Exercise input:

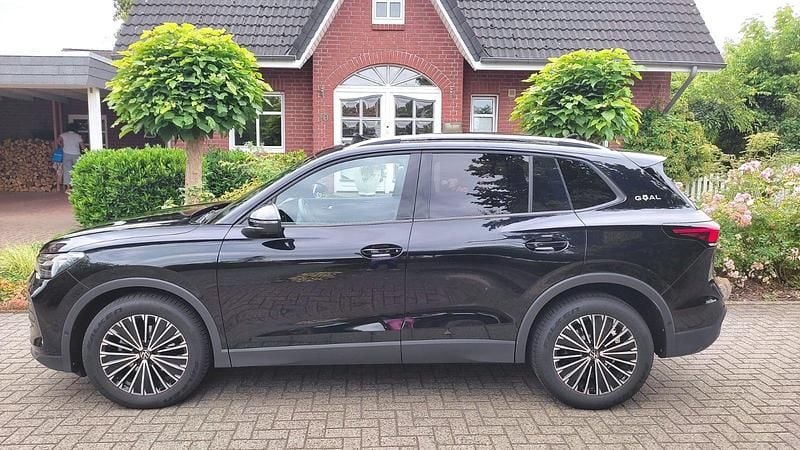 Schwarz Gebraucht 2024 VW Tiguan Goal SUV | 38.700 € (Superpreis) - Bild 1/4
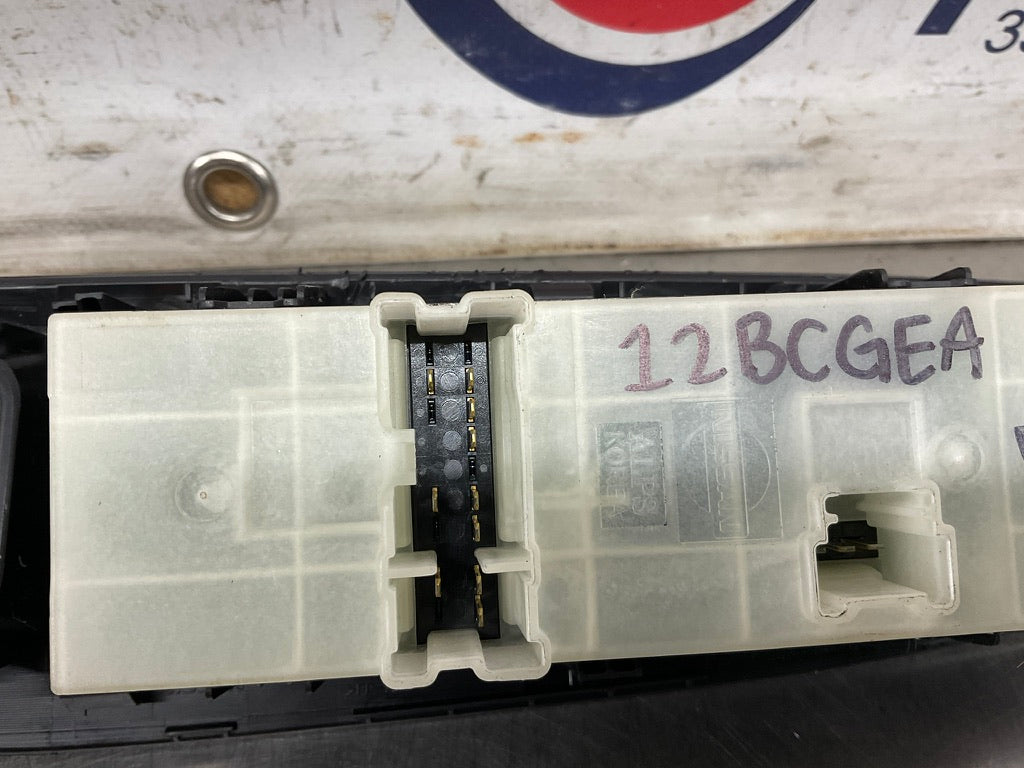 2013 Infiniti G37 Sedan Driver Left Front Door Lock Window Trim 80961 OEM 12BCGE - On Point Parts Inc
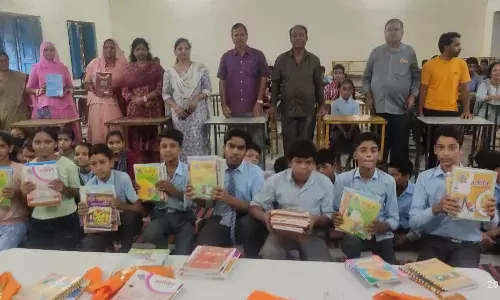 निशुल्क पाठ पुस्तक वितरण समारोह आयोजित निशुल्क पाठ पुस्तक वितरण समारोह आयोजित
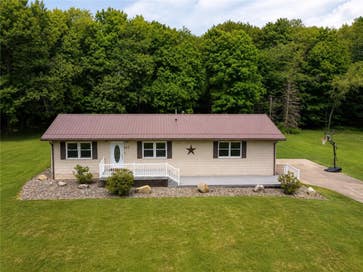 447 Latonka Dr Jackson Twp PA 16137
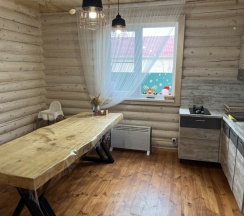 Коттедж с красивым видом из окна в Lякабанья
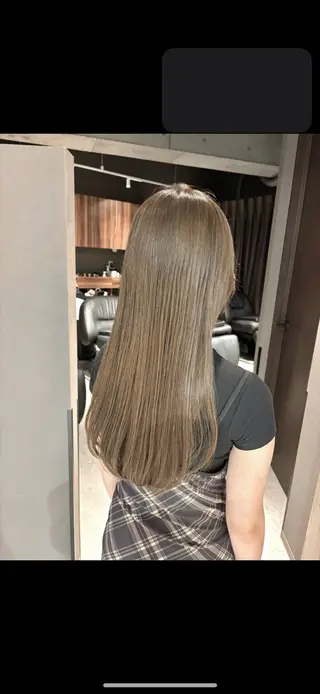 ロング カラー 透明感カラー・レイヤ ー🎀amika🎀のヘアスタイル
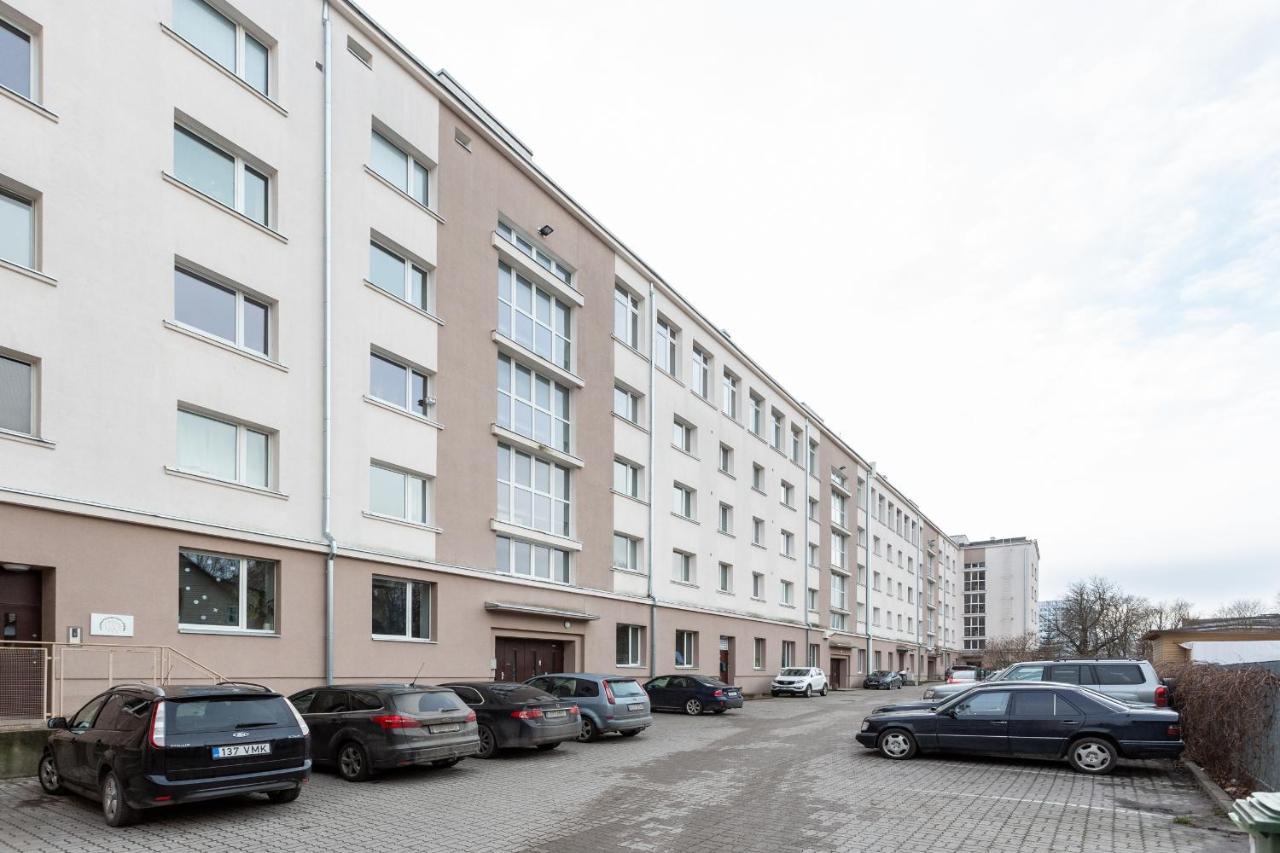 3 Room Central Apartmend 90M2 Parking For One Car Fifth Floor And The Building Does Not Have An Elevator Tallinn Exterior photo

Task requirements:
Leave the pictures aside and print exactly, and only, the lines from the one with "ロング カラー 透明感カラー・レイヤ ー🎀amika🎀のヘアスタイル" through the end of the data, both included.

Your response:
 ロング カラー 透明感カラー・レイヤ ー🎀amika🎀のヘアスタイル
 3 Room Central Apartmend 90M2 Parking For One Car Fifth Floor And The Building Does Not Have An Elevator Tallinn Exterior photo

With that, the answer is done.